Iran selects “Muhammad: Messenger of God” for foreign Oscar race

Iran selects “Muhammad: Messenger of God” for foreign Oscar race

PanARMENIAN.Net - Iran has selected “Muhammad: The Messenger of God”, the controversial blockbuster about the birth and rise of Islam directed by Majid Majidi as its candidate for the foreign-language Academy Award, according to Variety.

Considered the most expensive Iranian movie ever made, the $40 million epic lensed by multiple Oscar-winner Vittorio Storaro and with a score by Indian Oscar-winning composer A.R. Rahman, recently prompted a fatwa from a Muslim group in India – angered about its alleged depiction of God – and has also sparked other forms of disapproval from Sunni religious authorities.

Iranians belong to the predominantly to the minority Muslim Shiite sect.

The partly government-financed “Muhammad” is currently playing on more than half of Iran’s roughly 320 screens after opening the Montreal Film Festival on August 27.

Box office receipts have reportedly hit over 70 billion Iranian Rials, roughly $2 million in one month, according to the government-controlled Tehran Times. If that figure is accurate, it’s a nice haul.

The incendiary issue that Muslims are not allowed to depict God in images caused concern in Iran during the seven year gestation of the religious blockbuster, which depicts the future prophet from birth through the age of twelve.

Variety critic Alissa Simon in her review of “Muhammad” wrote that “Majidi respects Islamic convention by never showing Muhammad’s face and shooting him mostly from the back.”

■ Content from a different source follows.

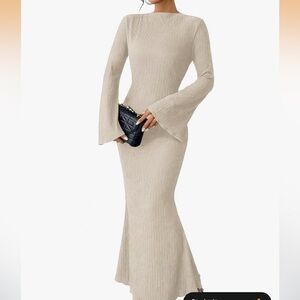 Elegant Beige Long Sleeve Dress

Majidi has said that through the biopic he aimed to remove the “violent image” of Islam created by jihadist groups.

Majidi previously scored Iran’s first Oscar nomination when his “Children of Heaven” was nominated in the foreign-language category in 1998.

Iran won its first Academy Award for Best Foreign Language Film with Asghar Farhadi’s “A Separation” in 2012.